No income means no international transaction.
Issue of shares at a premium by the petitioner to its non-resident holding company does not give rise to any income from an admitted international trade.
There is no charge express or implied, in a letter or spirit to the tax issue of shares at a premium as income. In this case, the revenue seems to be confusing the action to a charge and calling the measure a hypothetical income. We find that there is the absence of any charge in the Act to the subject issue of shares at a premium to tax, was the decision of the Mumbai high court.
The decision by the bench comes as a boost not only to Vodafone but will directly help Shell India which has related issues pending in court, It would also help several other multinationals which have Indian subsidiaries whose capital financing transactions, the Income Tax authorities are bringing under an income scanner.
Victory for Vodafone
On the transfer pricing issue it is a pleasant conclusion as the deal of issue of shares by Vodafone was nothing but a capital account transaction, and consequently the share premium, if any, ought to be capital receipt.
The transfer pricing provisions permit the operation to be re-quantified but not to be re-characterized. Hence, there was no question of the operation resulting in 'income' taxable in India. The judgment will not only serve as a precedent in the legal arena but will also lend the much-needed boost to foreign investors.

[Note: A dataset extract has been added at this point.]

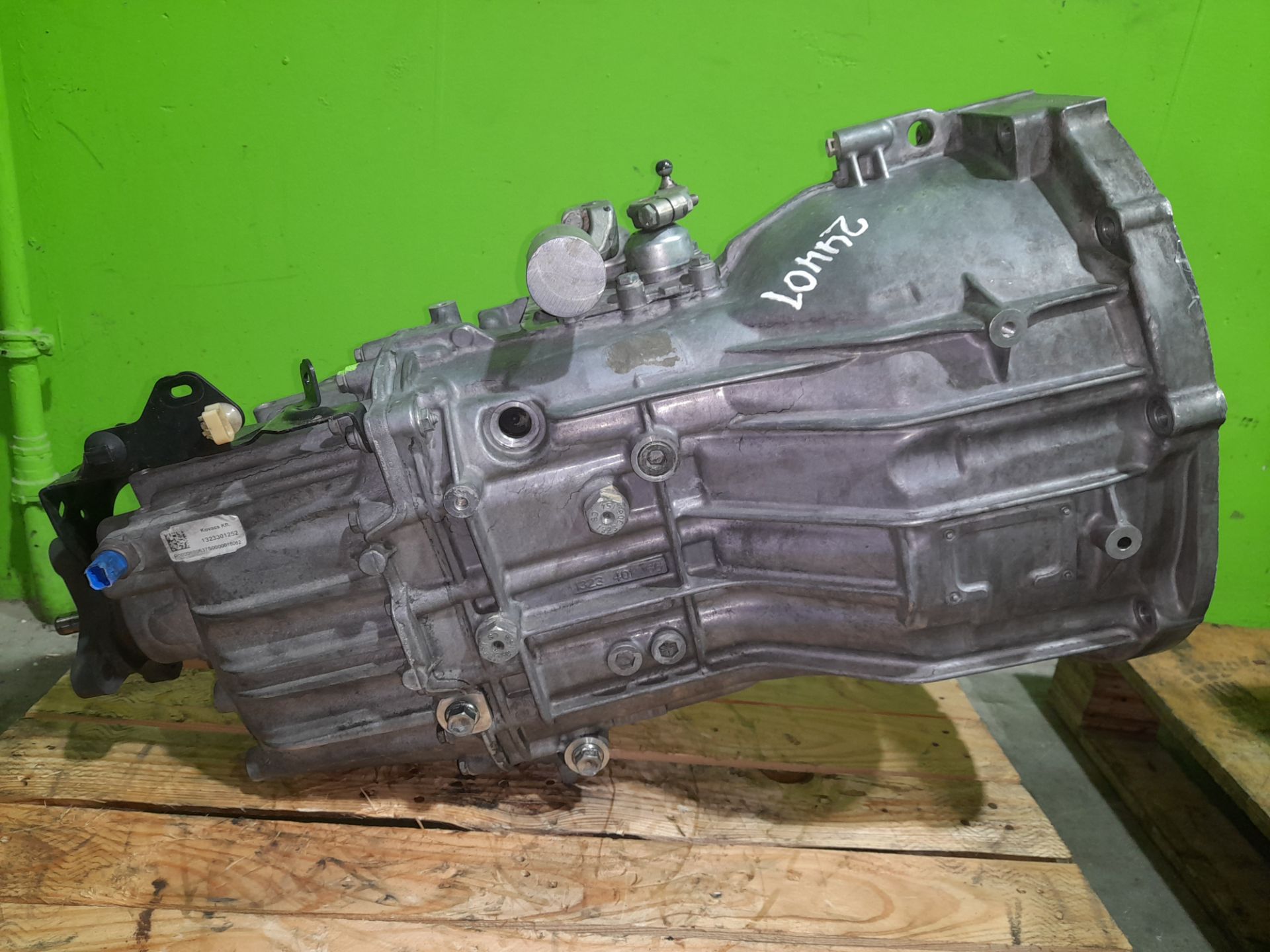 Caja cambios   no identificado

The verdict not only spells victory for Vodafone but also holds hope for other companies that are facing a similar dispute. One has to wait and see whether the tax department accepts this order or decides to appeal before the Supreme Court.
Equity was not recharacterized as a loan
The tax department sought to bring the operation of issue of share capital within the transfer pricing ambit. It held that the differential between the price at which shares were issued by Vodafone India and the valuation done by the tax office to be in the nature of a loan to the Mauritius-based parent company. In other words, equity was recharacterized as a loan. The tax office raised a demand of around Rs 3,200 crores.
In a victory for Vodafone, the Bombay high court on Friday allowed a petition filed by the cellular service major challenging the order of an Income Tax authority in a transfer pricing case which held that issuance of shares in a capital financial transaction could be considered taxable income. The HC held that it could not be considered income.
There was a shortfall of about Rs 1,300 crore; the IT department had suggested and said such under-pricing would amount to transfer of benefit and hence arm’s length pricing could be determined for such stock transfers.
No question of any transfer pricing adjustment
Vodafone had challenged the order initially of the transfer pricing officer. Last November the HC had directed the Dispute Resolution Panel of the Income Tax department to decide the preliminary question of its jurisdiction in the matter. Now when the panel upheld the order of the transfer pricing officer, Vodafone came back to HC again against the government and Income Tax department.
For the purpose of application of transfer pricing rules, one of the prerequisites is that there must be an international transaction between associated enterprises (Vodafone India and the Mauritius Company in this case).
Vodafone said in a statement on Friday that the company "has maintained consistently throughout the legal proceedings that this transaction was not taxable. We welcome the decision today in the Bombay high court".
Shell and two Essar Group companies are among several other MNCs contesting similar transfer pricing cases.